A coalition of Democratic lawmakers in the US House of Representatives has pressed the Securities and Exchange Commission (SEC) to explain how it is regulating artificial intelligence (AI) tools that provide investment advice and execute trades on behalf of retail investors. Their inquiry highlights growing unease about the oversight of AI-powered trading agents that operate largely beyond traditional securities regulation frameworks.
In a letter addressed to SEC Chair Paul Atkins, lawmakers warned that AI trading platforms pose significant questions regarding investor protection, broker-dealer responsibilities, and the accountability of developers behind these technologies. The letter pointed out that while current use of agentic trading may be limited, there is potential for expansion into a wider array of financial products, such as options, cryptocurrencies, event contracts, and futures, which could amplify regulatory challenges.
AI trading advisors have surged in popularity among cryptocurrency users seeking a competitive advantage in a market that never sleeps. This innovation has extended to the traditional equity market, where retail traders increasingly rely on AI-generated strategies. Coinbase recently introduced its own AI trading assistant, integrated into its application, which the company promotes as a registered financial advisor under both the SEC and Commodity Futures Trading Commission (CFTC) oversight.
Despite the rising use of these AI agents, the lawmakers highlighted troubling gaps in regulatory coverage, noting that these tools often operate without clear supervision or accountability. Disclosures accompanying such platforms typically state that brokers cannot guarantee the suitability or accuracy of AI-generated recommendations and lack the capacity to control, monitor, or audit the AI advisors effectively.
These disclaimers, according to the letter, create regulatory ambiguity and raise urgent concerns about who holds legal responsibility among brokers, AI developers, and investors if AI advice results in financial harm. The legislators sought explicit answers from the SEC on key issues, including what analytical and protective measures the agency has implemented, criteria for AI agent registration, and the extent of SEC consultations with trading platforms deploying AI technologies.
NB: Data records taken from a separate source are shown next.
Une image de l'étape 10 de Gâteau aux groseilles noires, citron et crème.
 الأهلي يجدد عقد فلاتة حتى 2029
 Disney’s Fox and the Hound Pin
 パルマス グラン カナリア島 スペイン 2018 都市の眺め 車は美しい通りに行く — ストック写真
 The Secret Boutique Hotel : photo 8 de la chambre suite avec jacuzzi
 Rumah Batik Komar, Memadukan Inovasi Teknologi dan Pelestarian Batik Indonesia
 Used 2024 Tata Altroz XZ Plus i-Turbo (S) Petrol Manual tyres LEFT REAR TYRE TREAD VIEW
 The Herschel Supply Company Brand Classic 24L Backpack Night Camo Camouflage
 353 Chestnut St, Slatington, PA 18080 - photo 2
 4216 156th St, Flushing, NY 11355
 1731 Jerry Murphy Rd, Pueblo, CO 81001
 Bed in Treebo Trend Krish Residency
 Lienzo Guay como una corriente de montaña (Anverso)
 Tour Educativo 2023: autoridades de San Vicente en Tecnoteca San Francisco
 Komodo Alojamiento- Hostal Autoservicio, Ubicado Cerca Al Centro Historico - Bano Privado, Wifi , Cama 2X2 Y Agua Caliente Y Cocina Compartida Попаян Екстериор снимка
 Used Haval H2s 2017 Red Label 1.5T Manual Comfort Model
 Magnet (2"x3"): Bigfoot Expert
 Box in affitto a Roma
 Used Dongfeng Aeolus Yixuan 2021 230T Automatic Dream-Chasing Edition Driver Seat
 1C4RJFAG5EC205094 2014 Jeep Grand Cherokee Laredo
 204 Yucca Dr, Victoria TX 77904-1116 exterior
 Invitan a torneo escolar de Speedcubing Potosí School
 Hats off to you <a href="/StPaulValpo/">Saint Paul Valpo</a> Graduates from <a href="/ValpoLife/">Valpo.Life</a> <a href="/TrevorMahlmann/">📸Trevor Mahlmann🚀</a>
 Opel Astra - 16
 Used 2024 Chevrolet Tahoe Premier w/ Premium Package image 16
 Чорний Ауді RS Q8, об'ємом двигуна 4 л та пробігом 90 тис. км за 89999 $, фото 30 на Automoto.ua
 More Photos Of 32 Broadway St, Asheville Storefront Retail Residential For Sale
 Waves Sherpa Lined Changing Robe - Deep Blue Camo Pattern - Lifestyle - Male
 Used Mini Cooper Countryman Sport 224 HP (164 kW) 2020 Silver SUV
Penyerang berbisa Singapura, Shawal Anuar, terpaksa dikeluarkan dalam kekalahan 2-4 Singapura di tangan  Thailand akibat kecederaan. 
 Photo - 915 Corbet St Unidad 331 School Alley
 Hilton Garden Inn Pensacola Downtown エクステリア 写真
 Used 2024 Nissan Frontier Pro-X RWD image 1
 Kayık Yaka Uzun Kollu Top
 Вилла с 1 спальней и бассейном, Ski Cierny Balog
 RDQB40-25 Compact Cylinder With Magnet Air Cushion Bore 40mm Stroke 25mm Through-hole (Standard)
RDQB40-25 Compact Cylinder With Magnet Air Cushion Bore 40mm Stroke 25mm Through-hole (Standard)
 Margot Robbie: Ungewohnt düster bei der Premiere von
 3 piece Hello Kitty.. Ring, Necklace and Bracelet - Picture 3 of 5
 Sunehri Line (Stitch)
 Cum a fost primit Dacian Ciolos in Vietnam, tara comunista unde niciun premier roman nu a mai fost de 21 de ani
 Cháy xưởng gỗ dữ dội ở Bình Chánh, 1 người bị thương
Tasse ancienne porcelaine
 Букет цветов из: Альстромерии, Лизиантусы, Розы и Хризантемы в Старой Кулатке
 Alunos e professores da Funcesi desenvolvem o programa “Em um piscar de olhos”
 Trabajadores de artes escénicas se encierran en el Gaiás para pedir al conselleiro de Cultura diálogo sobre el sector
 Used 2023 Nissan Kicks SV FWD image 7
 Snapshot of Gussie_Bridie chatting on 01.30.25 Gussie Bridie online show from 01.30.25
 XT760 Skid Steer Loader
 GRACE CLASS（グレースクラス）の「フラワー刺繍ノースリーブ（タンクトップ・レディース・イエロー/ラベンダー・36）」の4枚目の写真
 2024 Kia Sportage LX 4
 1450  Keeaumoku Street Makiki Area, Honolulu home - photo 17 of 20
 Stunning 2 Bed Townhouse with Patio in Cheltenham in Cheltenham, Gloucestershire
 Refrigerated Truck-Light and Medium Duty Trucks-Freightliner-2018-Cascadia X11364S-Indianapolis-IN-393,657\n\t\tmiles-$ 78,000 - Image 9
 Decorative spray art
The lawmakers further asked whether the SEC currently possesses the necessary authority to manage risks posed by AI agents or if new congressional legislation is needed. The letter was led by Bill Foster and Brad Sherman, the top Democrats on Congressional subcommittees overseeing financial institutions and capital markets, and was co-signed by Representatives Stephen Lynch, Jim Himes, Sean Casten, Rashida Tlaib, Brittany Pettersen, and Sylvia Garcia.